Simple Design of the Rogz Explore Harness

I Love the User-Friendly Design of the Rogz Explore Harness. It’s has a simple design. And that’s one of the features I totally love about this harness!

It’s designed with two padded sections (chest and back) joined with webbing material. And a second piece of webbing material with buckles to secure it around your dog’s girth.

#2 – The Rogz Explore Harness is Easy to Fit

The Rogz Explore harness is straightforward to fit. Forget about trying to get your dog to step into it. Or even helping them place their paws through the right opening. Nope!

Except I did have one small hurdle (that’s not really a problem), but I’ll get to that later…

If you’ve used harnesses before, you’ll know that some designs are not all that user-friendly. Mostly because if you don’t store them just right, they knot, flip and tangle.

This is one of the biggest gripes I have with the Step-in harness and even the H-harness. But that’s for a different article, let’s get back to the Explore harness…

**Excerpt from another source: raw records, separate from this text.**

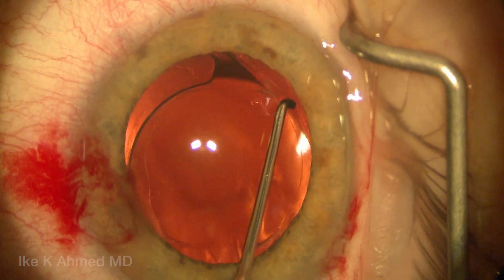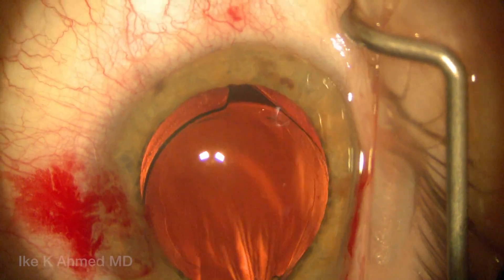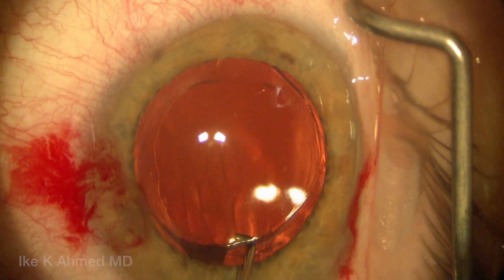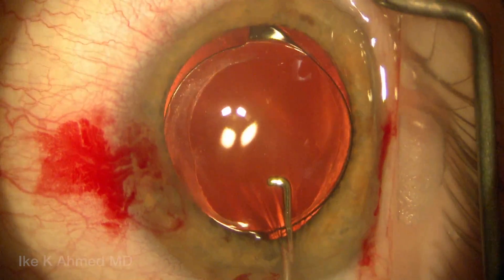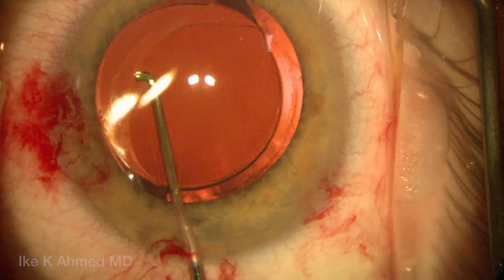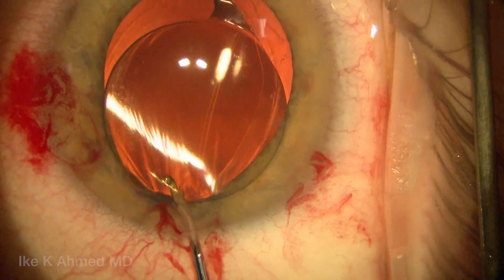You can see pushing down the optic helps place it away from the capsular edge, and essentially then using the Sinskey to manually separate. Now the Sinskey is behind the optic, placing and pushing the optic forward through the anterior capsular opening.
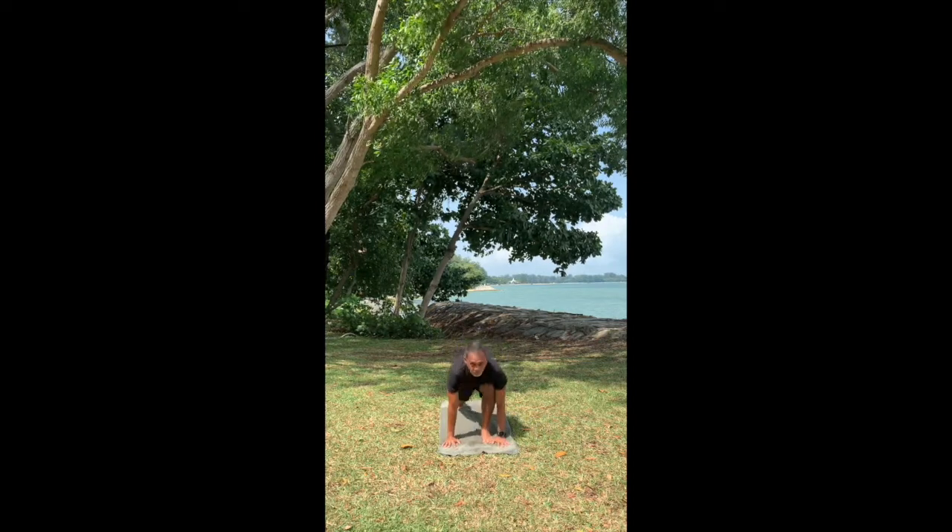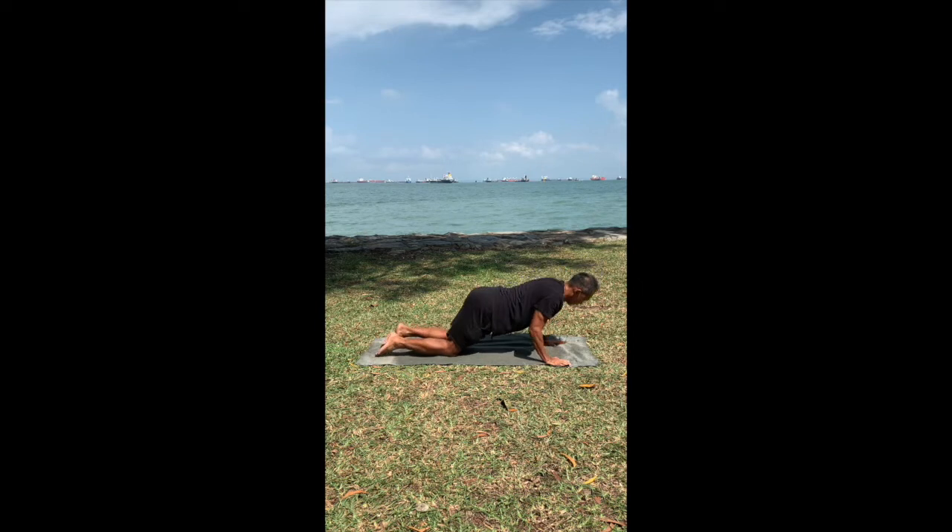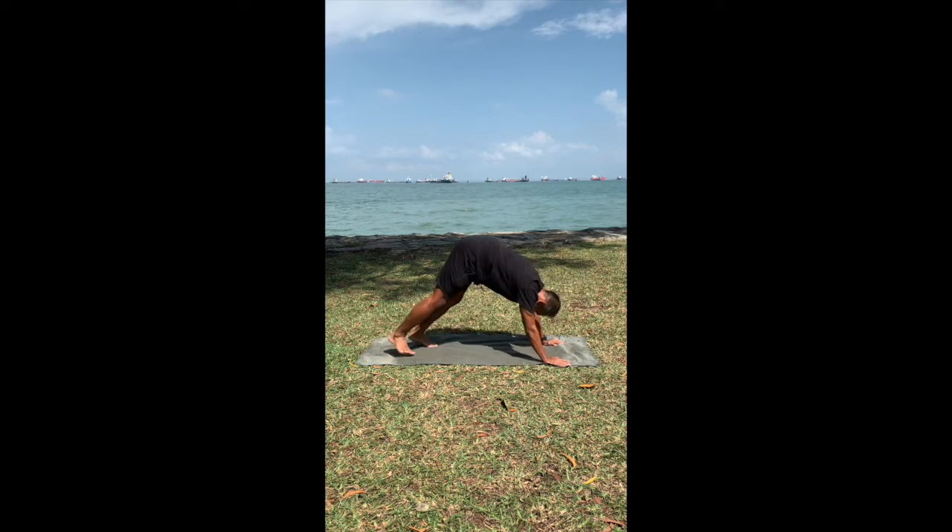Inhale, step your right leg back. Look up. Left leg back. Exhale, knees to the floor. Chest and chin down. Inhale, slide forward to cobra. Exhale, push yourself up — downward facing dog. Stay here to breathe. Five breaths.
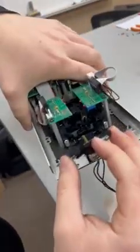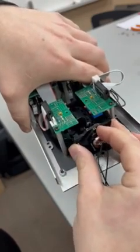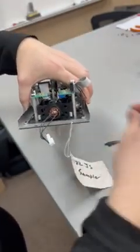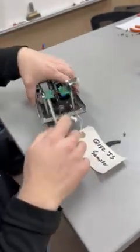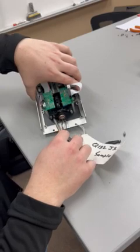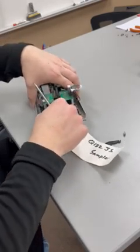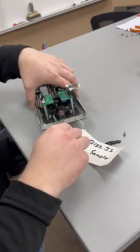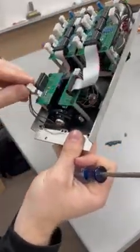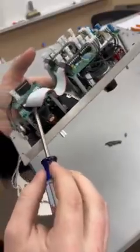For reassembly, just take this and pop it right back into place. Take your two brass screws and reinstall. Then plug your MTA connector right back in.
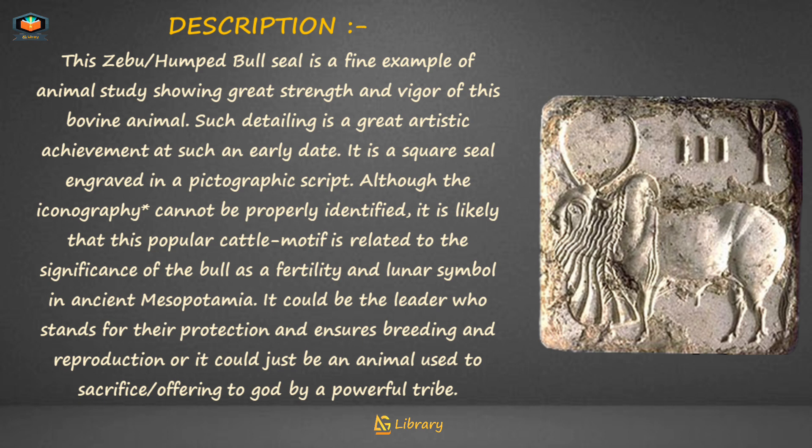Such detailing is a great artistic achievement at such an early date. It is a square seal engraved in a pictographic script. Although the iconography cannot be properly identified, it is likely that this popular cattle motif is related to the significance of the bull as a fertility and lunar symbol in ancient Mesopotamia. It could be the leader who stands for their protection and ensures breeding and reproduction, or it could just be an animal used as a sacrifice offering to god by a powerful tribe.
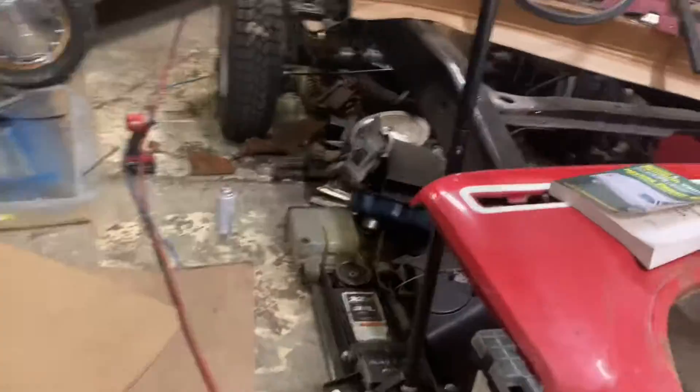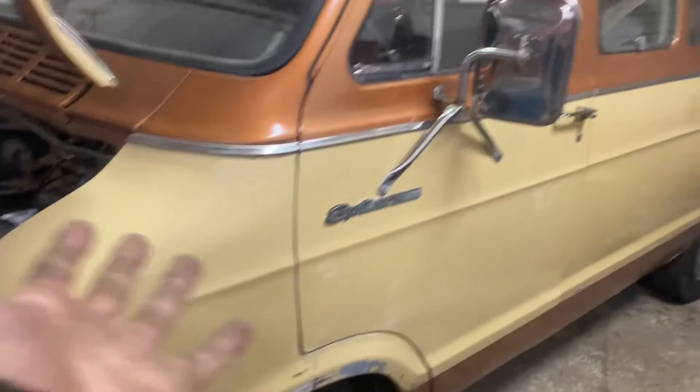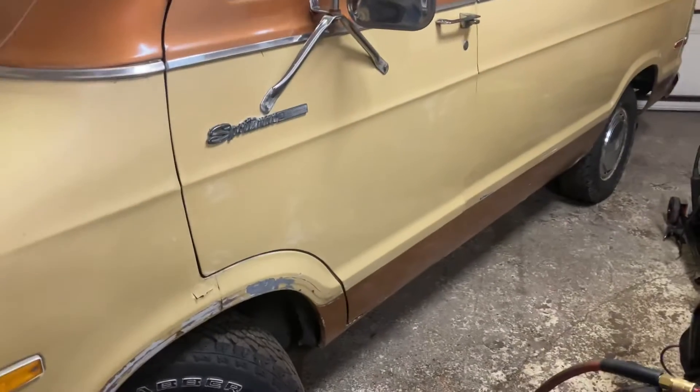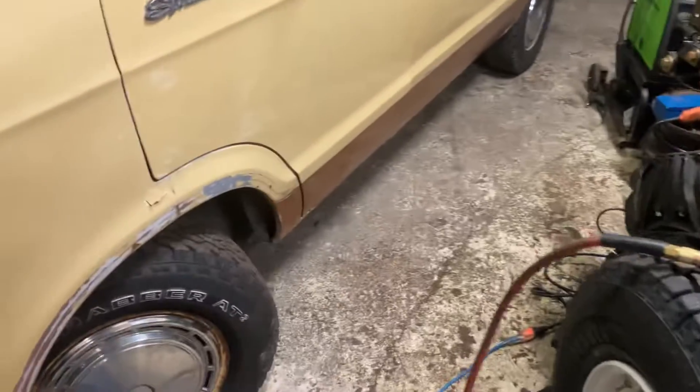Threw some new horns in. Got the floor pretty much all done — gotta clean up the bottom a little bit and then underseal it. We're gonna pop the grill back on, park it outside, and then tomorrow we're gonna take care of the rest of it.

The Rogz Explore harness has only two buckles, one on each side. They snap into each other, and that’s all you need to secure the harness. Really simple, really easy – just what I like!

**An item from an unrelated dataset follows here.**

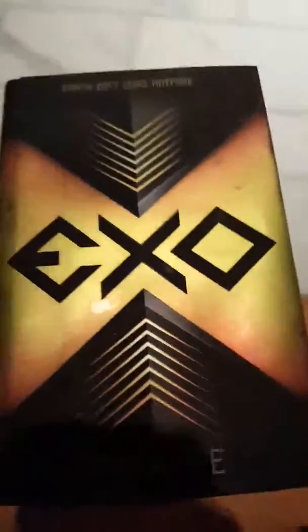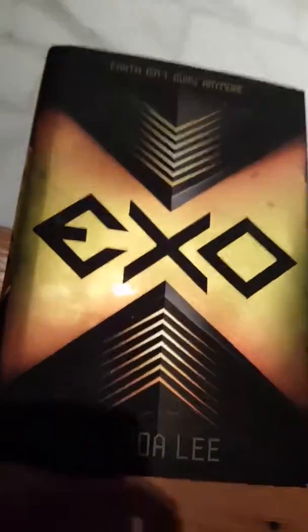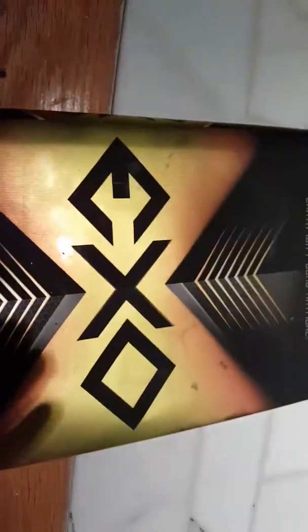Everyone will think, oh! That's... a book! But really, it's a secret compartment!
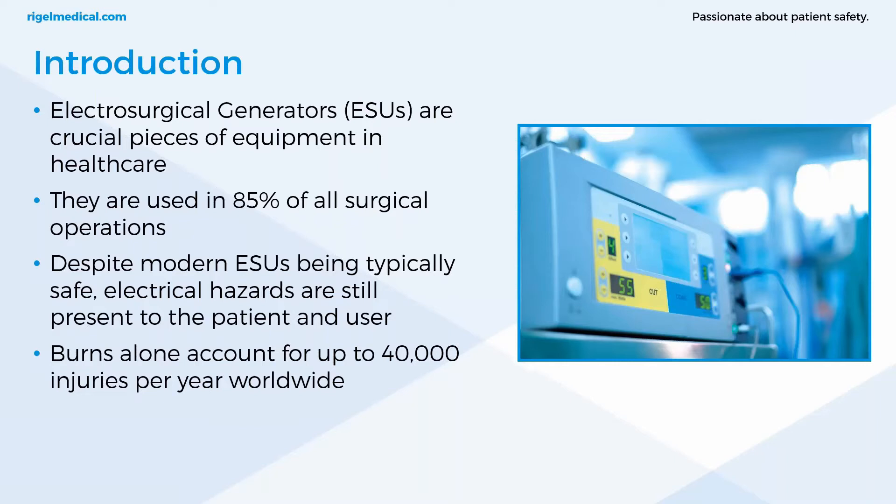Electrosurgical generators — ESUs — are crucial pieces of equipment and they're used in the majority of operative settings, one of the most useful and common instruments used by surgeons. They're used in 85% of all surgical operations. Despite modern ESUs being typically safe, electrical hazards are still present to the patient and user, such as burns, fire and smoke. Burns alone account for up to 40,000 injuries per year worldwide.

Just slip the harness over your dog’s head and buckle to secure around their body. It’s so easy you’ll be done before your dog has finished munching on that treat!

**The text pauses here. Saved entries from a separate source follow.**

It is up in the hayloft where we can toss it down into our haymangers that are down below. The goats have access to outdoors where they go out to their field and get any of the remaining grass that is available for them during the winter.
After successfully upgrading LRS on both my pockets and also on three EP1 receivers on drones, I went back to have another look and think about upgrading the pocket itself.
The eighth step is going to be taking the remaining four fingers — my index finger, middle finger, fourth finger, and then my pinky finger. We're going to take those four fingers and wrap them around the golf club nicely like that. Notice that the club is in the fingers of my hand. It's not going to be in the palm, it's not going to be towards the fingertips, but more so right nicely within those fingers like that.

I’ll be honest here and admit that I’ve lost count of the number of times I’ve tried to fit a harness and I end up fitting it upsidedown. I know, facepalm, right!?

Anyway, with the Rogz Explore harness, this is a non-issue!

#3 – 4 Adjustable Points for Extra Comfort

The Explore harness from Rogz has four adjustment points. Two points target the chest area and two target the shoulder area.

The simple design means the four adjustment points are enough to fine-tune and ensure the perfect fit.

Speaking of the perfect fit…

Remember earlier when I mentioned these harnesses are an easy fit, except for one small thing? Well, here it is…

#4 – The Rogz Explore has Roomy Sizing (except for one small thing…)

Sizing Guide of the Rogz Explore Harness

Rogz offers the Explore in 4 sizes. The XL (LumberJack) fit my GSD Zeze like a glove.

But I experienced one small snag…

Lexi is a GSD and Border Collie mix. She’s my “limited edition” dog, known unofficially as a Shollie.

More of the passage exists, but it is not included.